The EPA has a number of advisory groups and decision-making committees:

- EPA Board

The EPA's Board is appointed by the minister for the environment and must have at least one member with experience relating to the Treaty of Waitangi and tikanga Māori (Māori customary values and practices). The EPA Board is chaired by Julie Hardaker.

- Ngā Kaihautū Tikanga Taiao

Ngā Kaihautū Tikanga Taiao, is a statutory Māori advisory committee legally appointed by the EPA Board. The committee provides advice to the EPA to ensure Māori perspectives are taken into account. Members provide a broad overview of Māori interests, rather than representing their individual iwi.

- Hazardous Substances and New Organisms Committee

The Hazardous Substances and New Organisms Committee considers applications to import or manufacture hazardous substances, and to introduce new organisms into New Zealand.

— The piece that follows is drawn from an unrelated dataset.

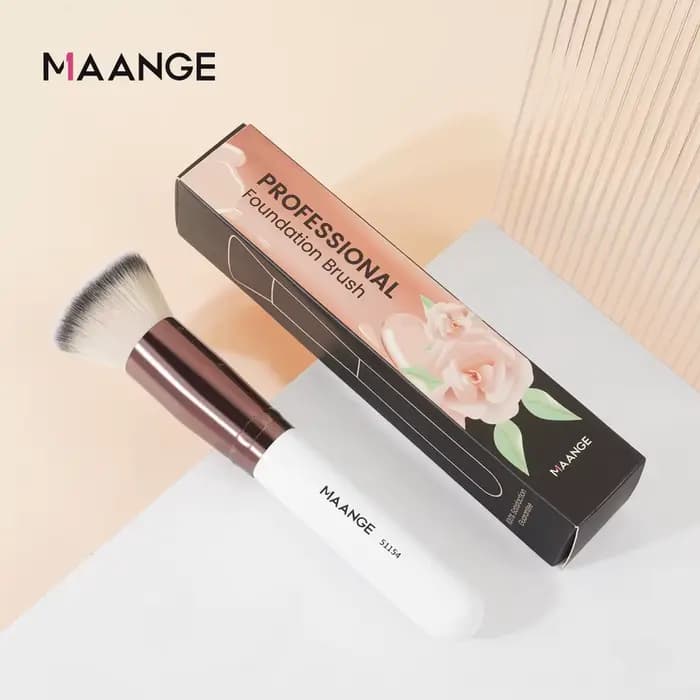 Maange-Pinceau de maquillage avec boîte pour femme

- Exclusive Economic Zone and Continental Shelf (Environmental Effects) Act boards of inquiry
- Nationally Significant Proposal boards of inquiry

Boards are appointed by the Minister for the Environment to decide on Section 20 activities under the EEZ Act, and for land-based proposals of national significance (the Minister for Conservation appoints boards for coastal proposals). Boards run their own processes independently from the EPA and the Minister. The EPA provides administrative support services to boards of inquiry, ranging from organising the logistics of the hearing, to commissioning specialist advice to assist the board.

== Ministers ==
The following ministers oversee its work:

- The minister for the environment
- The associate minister(s) for the environment
- The minister for climate change

== Communications ==
The EPA has a website and various social media and communication channels.

== Appropriations ==
The EPA has two primary streams of operating revenue: Crown funding, and funding from charges and fees.